Among the most notable aspects of his paper is the way his framework allows for constraints, such as “go to the kitchen but walk along the wall.”

Bandit, a socially-assistive robot

To successfully fulfill such a constraint, the robot needs to know precisely what “along” means.

“I had to look at different literature in linguistics and cognitive psychology to get at the root of what ‘along’ refers to,” said Fasola. For his program, he specified that “along” means proximity and a path that travels parallel to the reference object. This translates to numerical calculations the robot conducts in order to achieve the task of going to the kitchen while satisfying the user’s along-the-wall constraint. 

"The key to the framework," said Fasola, "is that the meaning of spatial prepositions can be represented within the robot by computational models called spatial semantic fields, which can then be used by the robot to follow user commands appropriately."

“The robot can combine the execution of the path of getting to the goal but also with the constraint, which is how you execute the task.
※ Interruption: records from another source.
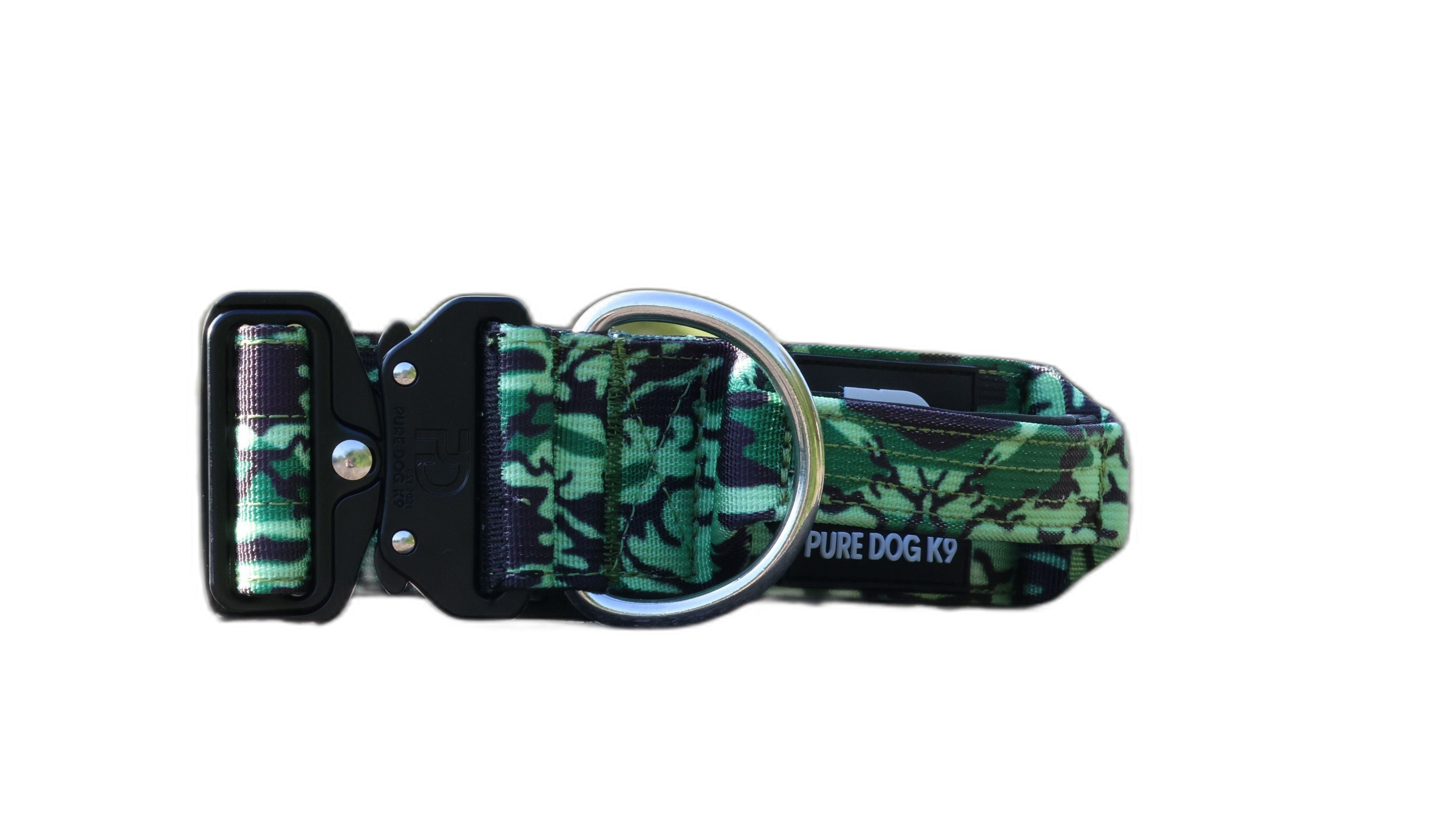 Pure Dog K9 Tactical Collar Green Camo
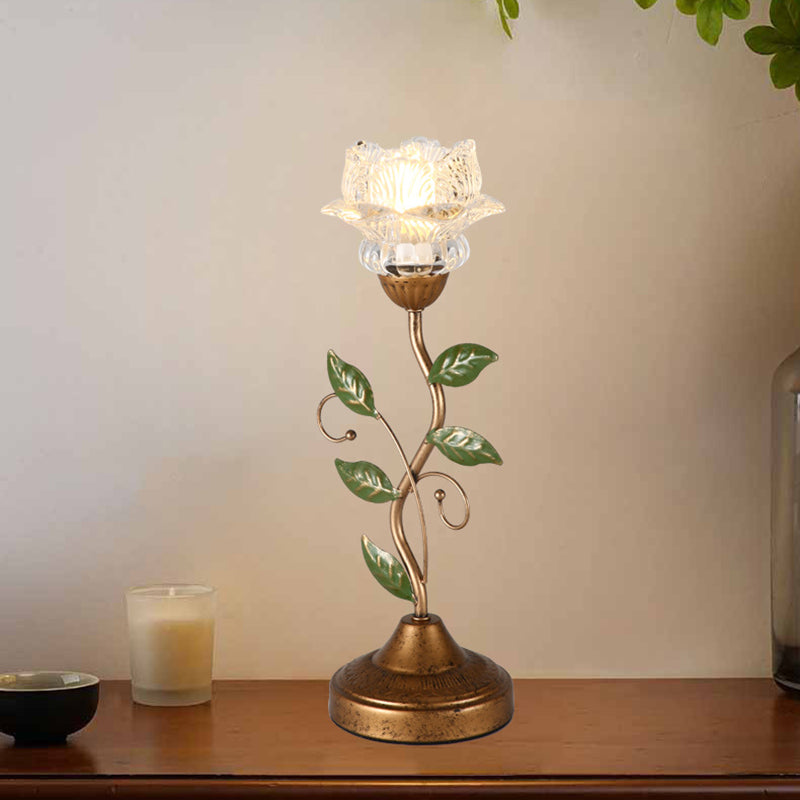 Traditional French Floral Leaf Round Glass Iron 1-Light Table Lamp For Bedroom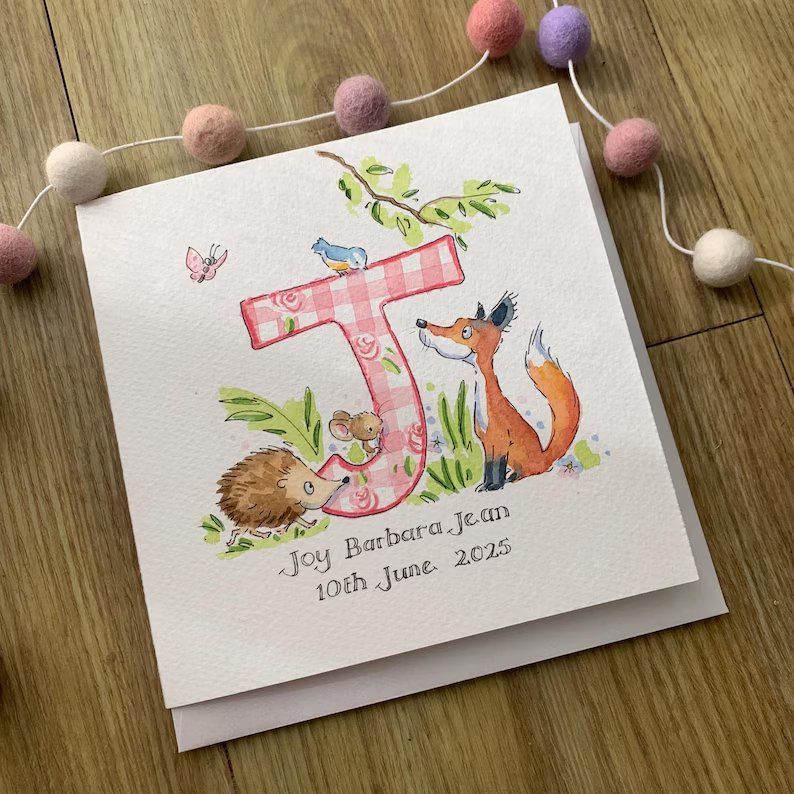 Hand painted alphabet letter card with personalised baby name in watercolou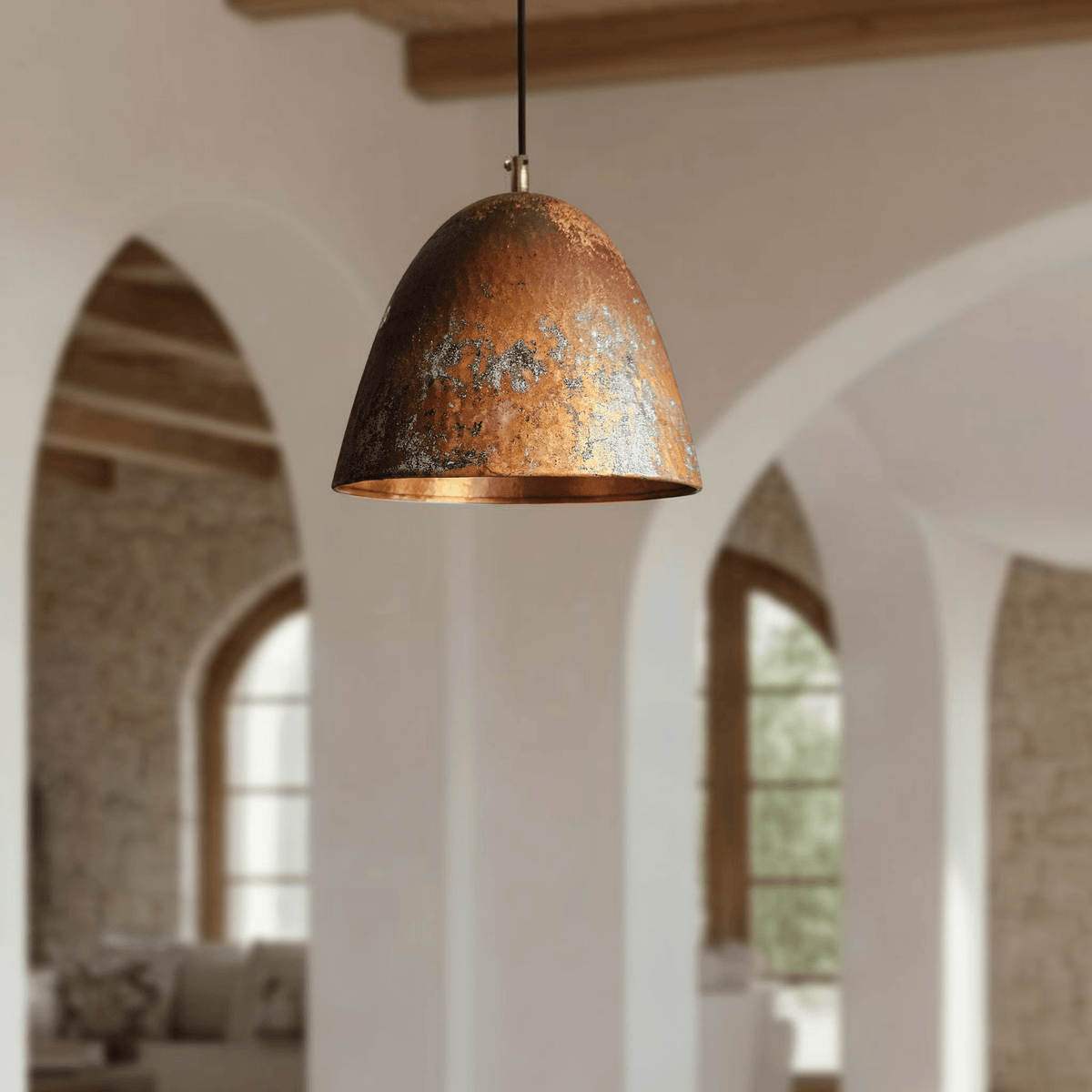 Oxidized Copper Dome Pendant – Rustic Ceiling Light for Warm Kitchen Spaces - BRASSDORIA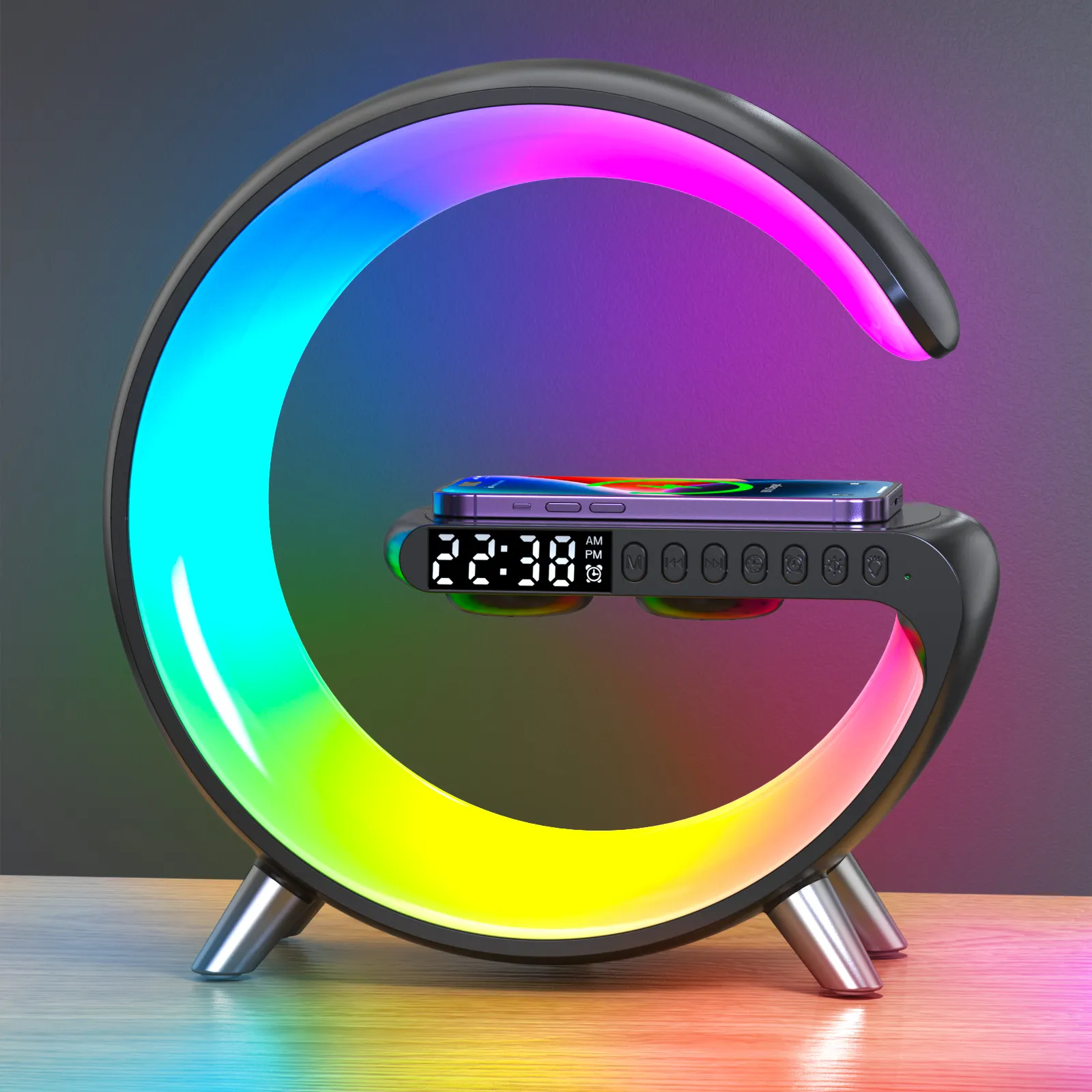 2023 new 9 in 1 audio alarm clock wireless phone charger Colorful smart night light APP control lighting 15W fast charging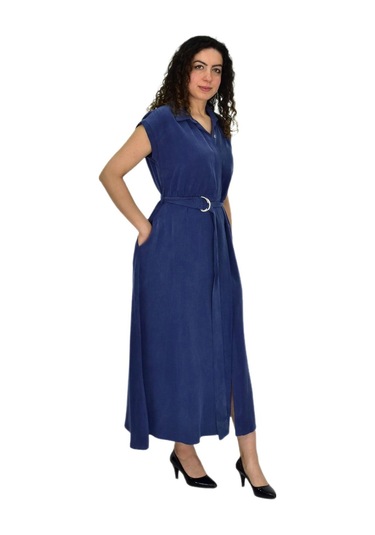 Kadın Beli Kemerli Elbise Bgl-st04639 İndigo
The robot can combine them very easily using my framework. That was one of the really cool things about the paper and probably the most novel.”

The paper contains results from simulation tests, but Fasola has since started running experiments with robots like the PR2 and Bandit. In the 3-D simulation, the program would plan and execute paths, but with full knowledge of the placement of obstacles in the environment. In the lab setting, sometimes a robot comes across an unforeseen obstacle that isn’t on the internal map it has of the space. In the following video, a misplaced trashcan prompts the PR2 robot to do some obstacle clearing maneuvers to check to see that it could fit through the hallway. To check for clearance, the PR2 spins in place twice. “He did a few little twirls and then left,” Fasola said, chuckling.

Fasola used Bandit in the past for his work in socially assistive robots for the elderly, and he plans to use Bandit again to test this framework with the same target users. He plans to run a pilot study in spring 2014 at a senior living facility. “Hopefully they can give it natural language speech commands and the robot will understand it.”